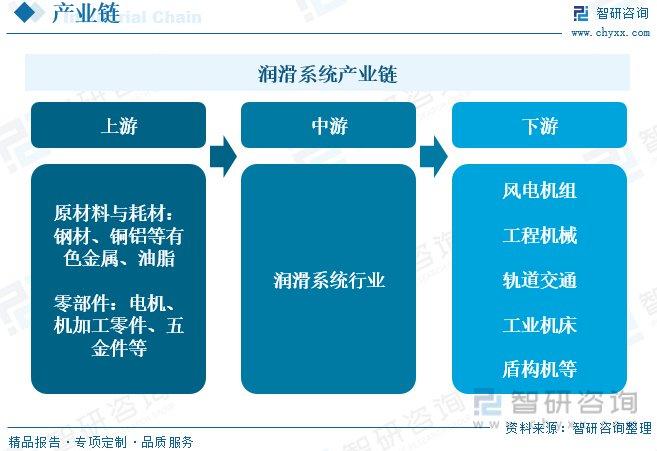 智能化五金制造：生产自动化的最新趋势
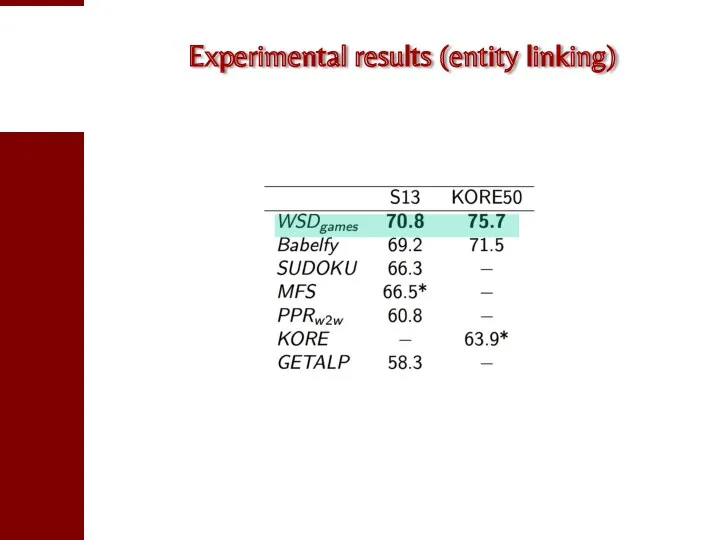 Experimental results (entity linking)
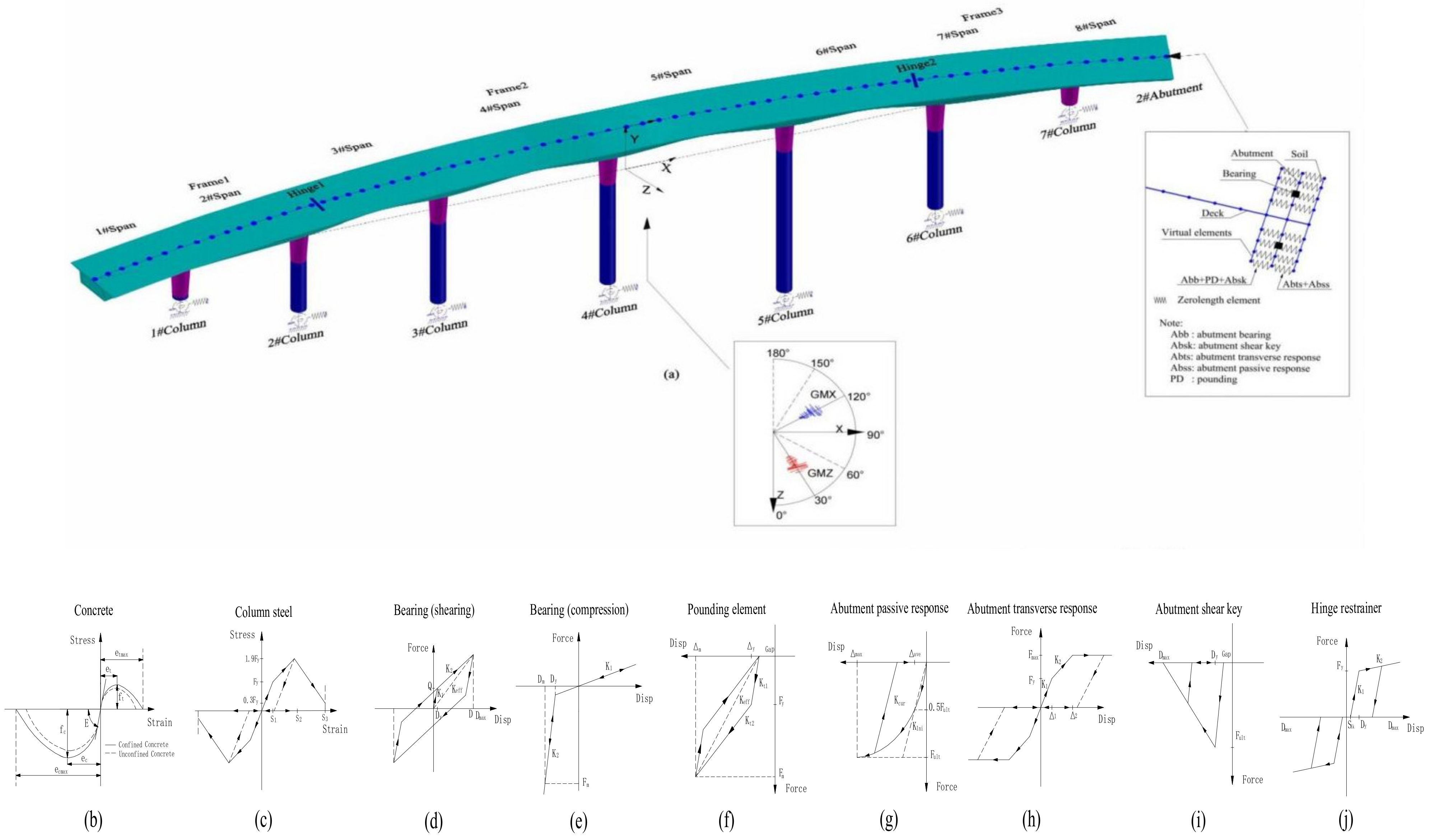 Buildings 12 00387 g002 550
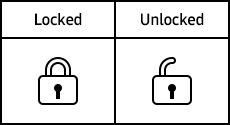 Ikone zaključano i otključano.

--------

WHAT TO PRODUCE => Retype the data exactly; images stay out.

RESULT OF THE TASK =>
 智能化五金制造：生产自动化的最新趋势
 Experimental results (entity linking)
 Buildings 12 00387 g002 550
 Ikone zaključano i otključano.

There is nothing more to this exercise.